On the other hand the twelfth and fifteenth both have significantly lower amplitudes across the whole compass than the other stops making up the chorus, which explains why they add brightness and colour rather than excessive loudness to the 8 and 4 foot Principals in all regions of the keyboard.  Only when the mixtures are added to the Principal chorus in a Silbermann organ do we get a major increase in loudness, and when that happens it is indeed arresting in its effect.  The data in Figure 7 help us to understand why these effects occur.


Results – Flutes


Turning to the Flute stops, the results to be discussed here relate to the Flute chorus on a subsidiary manual of this organ.  Six stops at pitches of 8, 4, 2 2/3, 1 3/5, 1 1/3 and 1 foot were analysed in the same way as before.  It was not entirely clear whether all of these were Flutes because although their names implied that they were, some of them partook of a Principal flavour over part of their compass.  Nevertheless they were all treated as Flutes here, and the results are plotted in Figure 8.

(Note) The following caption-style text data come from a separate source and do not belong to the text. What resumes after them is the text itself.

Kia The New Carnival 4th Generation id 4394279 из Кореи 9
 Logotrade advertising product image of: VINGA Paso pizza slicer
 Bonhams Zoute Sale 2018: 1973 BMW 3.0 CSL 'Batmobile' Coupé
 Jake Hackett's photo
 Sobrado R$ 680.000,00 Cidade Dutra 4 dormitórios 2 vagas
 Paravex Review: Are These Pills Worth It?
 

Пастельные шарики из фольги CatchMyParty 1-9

Figure 8.  Regulation characteristics of a Silbermann Flute chorus



Only the 2 foot stop on this department was omitted from this analysis because it was definitely a Principal.  Note that the three highest-pitched stops did not, of course, go up to the top of the keyboard because of the decreasing size of the tiny pipes, and this is reflected in their respective graphs.


As with the Principal chorus, I decided to back off for a while and let the coffee do its work on this rather jumbled plot also.  After due reflection, the following features then stood out rather more clearly:


1.  The data for the 8 foot Flute formed a curve (the dark blue one) unlike any other seen in this analysis.  It is likely that its pronounced periodic wave-like character was an artefact due to standing waves in the auditorium while the sounds were being recorded.  While the technique of averaging the signals from two microphones will usually reduce standing wave effects, there will be a few occasions when this will be less effective.  The formation of standing waves at the locations occupied by the microphones is sensitive to their positions and particularly their separation, to the positions of the pipes which are radiating the sounds, and to the spatial geometry in three dimensions of all the myriad reflecting surfaces in the building.  The wave-like character of this curve strongly suggests that what we see here was simply due to the standing waves in the building at the microphone positions as the frequency varied across the compass.  Thus it is unlikely that one can draw any conclusions from this curve about this Flute stop itself other than, on average, it appears to oscillate about a straight line with a slope similar to that observed for the Principal stops.


2.  Similar behaviour is also observed to some extent with the 4 foot and 2 2/3 foot Flutes (red  and yellow curves respectively), though the effects are less pronounced in these cases. 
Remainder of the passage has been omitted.